The American Religion: The Emergence of the Post-Christian Nation
- Cover of the first edition
- Author: Harold Bloom
- Language: English
- Subject: Religion in the United States
- Publisher: Simon & Schuster
- Publication date: 1992 (1st edition) 2006 (2nd edition)
- Publication place: United States
- Media type: Print (Hardcover and Paperback)
- Pages: 288 (1st edition) 305 (2nd edition)
- ISBN: 0-671-67997-X

= The American Religion =

1992 book by Harold Bloom

The American Religion: The Emergence of the Post-Christian Nation (1992; second edition 2006) is a book by literary critic Harold Bloom, in which the author covers the topic of religion in the United States from a perspective which he calls religious criticism.

==Summary==

Bloom lays out his conception of a practice of religious criticism, by which he does not mean criticism of religion. He distinguishes the practice from other aspects of religious studies (e.g., history of religion or philosophy of religion) by analogy with his practice of literary criticism. Bloom says, literary criticism involves aspects of history et cetera, but is distinguished by having a focus on aesthetic judgments concerning literature. Bloom's religious criticism thus will involve history et cetera, but also pay attention particularly to the spiritual values of religions.
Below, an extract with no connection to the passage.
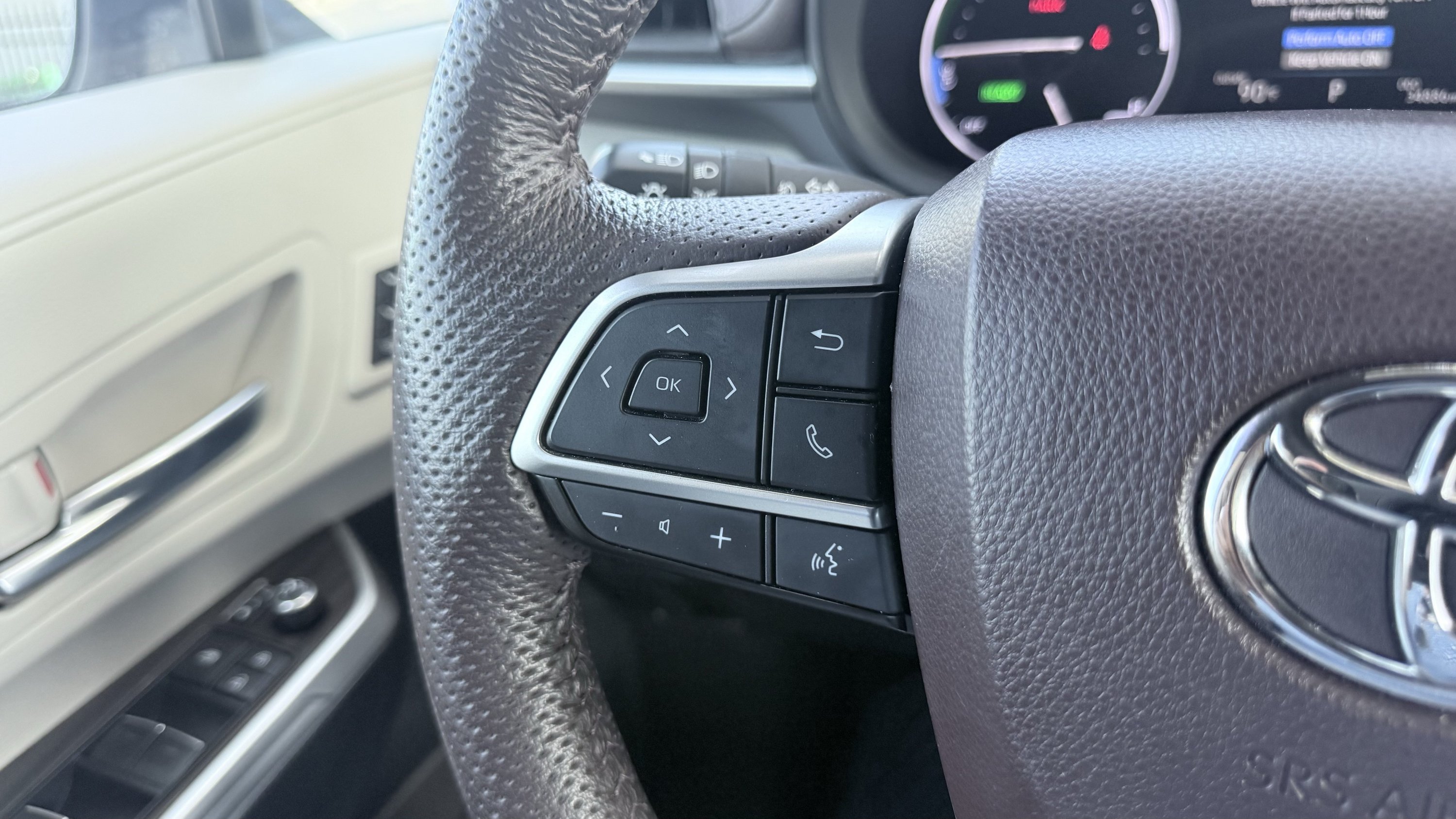 Used 2022 Toyota Sienna Platinum FWD image 64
In this book, Bloom begins this practice by looking at religious groups in the United States. Bloom identifies Ralph Waldo Emerson and William James as previous scholars who practiced religious criticism of American religion. He concludes that in America there is a single, dominant religion of which many nominally distinct denominations are a part. Among these he identifies Mormonism, the Southern Baptist Convention, Pentecostalism, and Seventh-day Adventism. To a lesser extent however, he also includes nearly all "Christian" denominations in America, including mainline Protestantism and Roman Catholicism. Bloom's view is that all of these groups in America are united by requiring that each person may only truly meet with the divine when experiencing a "total inward solitude" and that salvation cannot be achieved by engaging with a community, but only through a one-to-one confrontation with the divine. While Bloom suggests that this American form of religion is to some extent a continuation of Enthusiasm in Europe, American religious groups are rightly distinguished from traditional Christianity: Although all of these groups identify as Christian, Bloom believes they represent a radical departure from the core aspects of that religion. Bloom says that the American religion is rather more like a form of Gnosticism. Bloom says that the events of the Second Great Awakening at Cane Ridge were formative for the American religion.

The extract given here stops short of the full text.